Die Niederlage der Sozialisten in Portugal hat mit Logik wenig zu tun. Sie liegt aber auch an eigenen Versäumnissen.

An­hän­ge­r:in­nen der rechten Chega-Partei feiern die Ergebnisse am Wahlabend Foto: Joao Henriques/ap

A us der Traum von der Insel ohne nennenswerten rechtsextremen Einfluss. Bei den Wahlen am Sonntag in Portugal wurde die ultrarechte Chega („Genug“) zur drittstärksten und alles entscheidenden Kraft. Denn es gibt nur zwei Möglichkeiten für eine stabile Regierung im äußersten Südwesten der Europäischen Union: Entweder eine große Koalition – die die Sozialisten strikt ablehnen – oder eine Rechtskoalition der konservativen Demokratischen Allianz mit Chega, mit allen Folgen, die im benachbarten Spanien in mehreren Regionen und vielen Gemeinden zu sehen ist.

Wenige Wochen vor dem 50. Jahrestag der Nelkenrevolution, die einst Portugal aus der Diktatur in die Demokratie führte, haben die extrem Rechten, die ewig gestrigen Verehrer jenes autoritären Regimes, wieder eine Schlüsselstellung in Portugal.

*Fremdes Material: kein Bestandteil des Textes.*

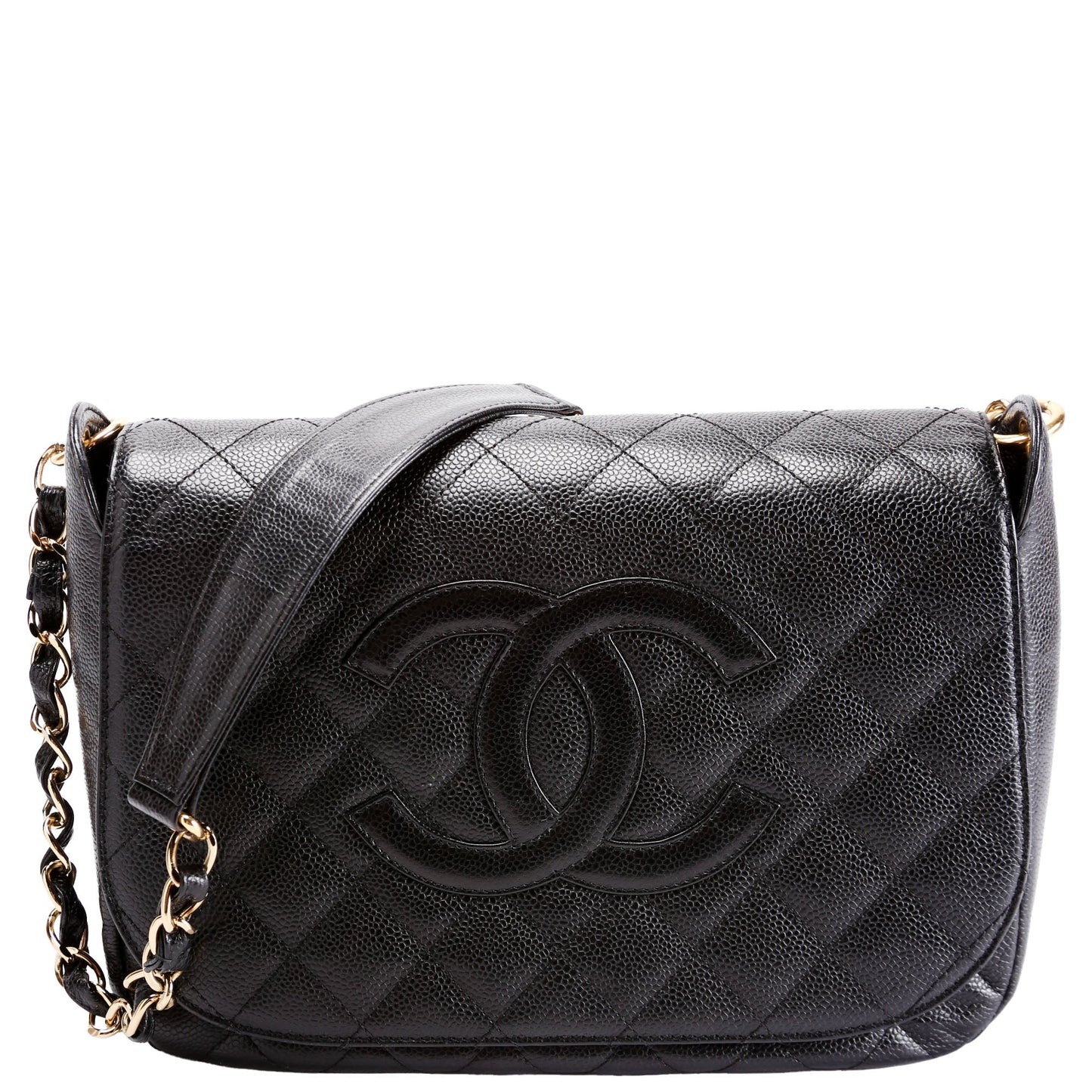 Chanel Timeless CC Flap Quilted Caviar 8M Black Handbag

Wie kann es sein, dass die Sozialisten, die das Land aus der Austerität zurück ins Wachstum und in den Sozialstaat führten, so haushoch verlieren? Immerhin regierten sie seit 2022 mit absoluter Mehrheit. Jetzt haben sie erhebliche Stimmenverluste nach ganz rechts zu verdauen. Sicher haben sie nicht alle Versprechen einhalten können. Trotz Gesetzesreformen ist der Wohnungsmarkt außer Kontrolle geraten. Trotz Erhöhung der Mindestlöhne wird es für viele am Monatsende finanziell knapp. Doch Stimmenverluste hin zu denen, die mehr regulieren wollten, gab es keine. Die Wählerschaft wanderte nach rechts ab.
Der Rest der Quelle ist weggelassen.